If A is a set and P(A) its power set, then P(A) contains all the elements in A. P(A) also contains the subsets of A, which A doesn't necessarily contain.
So, does P(A) contain a copy of all the elements in A, and not the same elements?
Hence, if A = {x} is a singleton, B = {x} ⊆ P(A), then A and B are not the same element, despite A = B. Can this be clarified to me?
I'm assuming here that "$P(A)$" means "the powerset of $A$."
Your claim that in general $A\subseteq P(A)$ is false. For simplicity, let's work in naive set theory (although everything I say is also true in, say, ZFC).

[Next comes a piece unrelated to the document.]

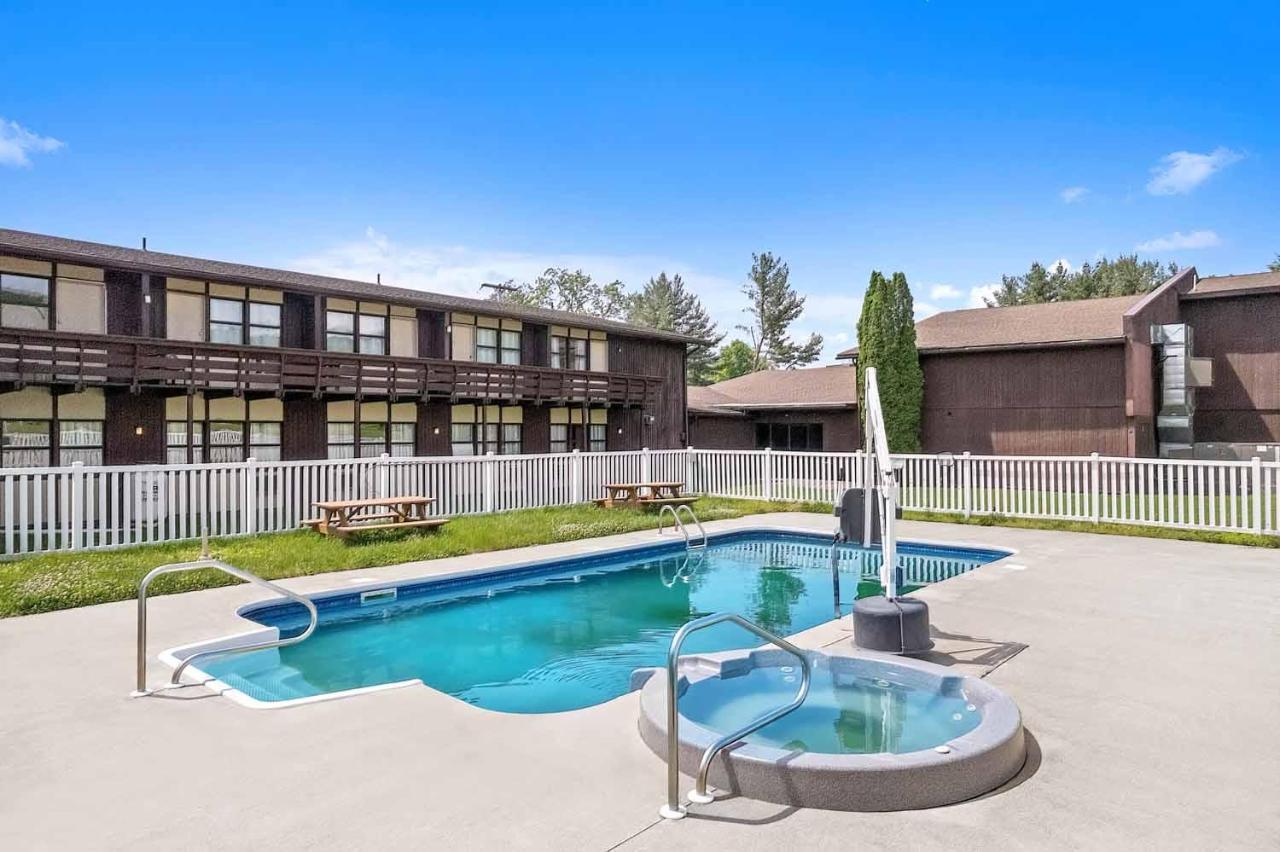 Shadowbrook Resort Tunkhannock المظهر الخارجي الصورة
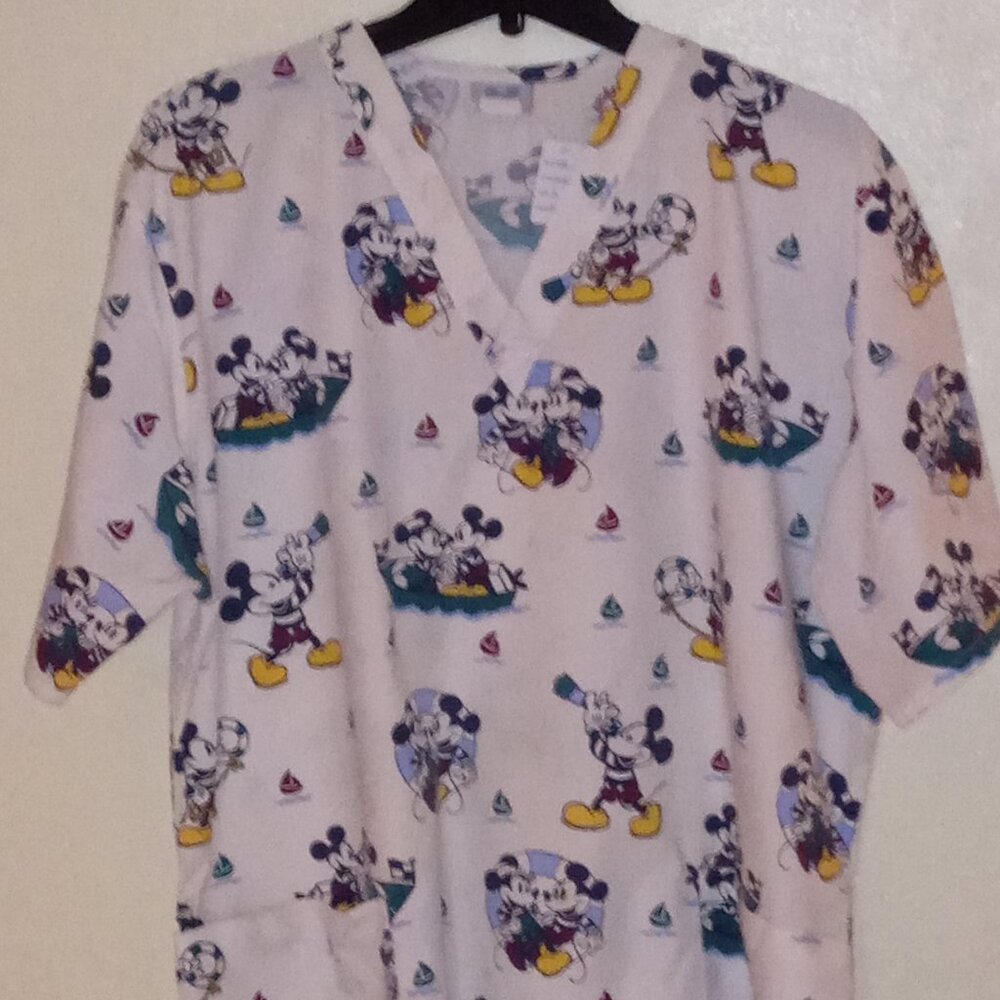 Disney White/Multicolor Mickey+Minnie Mouse Design L Scrub Top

Then:
The powerset of the set $A=\{$apple$\}$ is $P(A)=\{\emptyset, \{$apple$\}\}$.
However, apple isn't an element of $P(A)$: $\emptyset\not=$ apple and $\{$apple$\}\not=$ apple.
I think the key point is this last bit: in general, we won't have $x=\{x\}$. (Indeed, in ZFC we never will have this, by the axiom of regularity!) The ur-example is $\{\emptyset\}$ versus $\emptyset$ (one of these isn't empty!).
What is true is that there is a natural injection of $A$ into $P(A)$: for $a\in A$, the set $\{a\}$ is an element of $P(A)$, and the map $A\rightarrow P(A):a\mapsto \{a\}$ (the "singleton map") is injective. That is, for each element $a$ of $A$, the powerset $P(A)$ contains something corresponding to the object $a$, namely $\{a\}$. But this is not the same thing as the object $a$.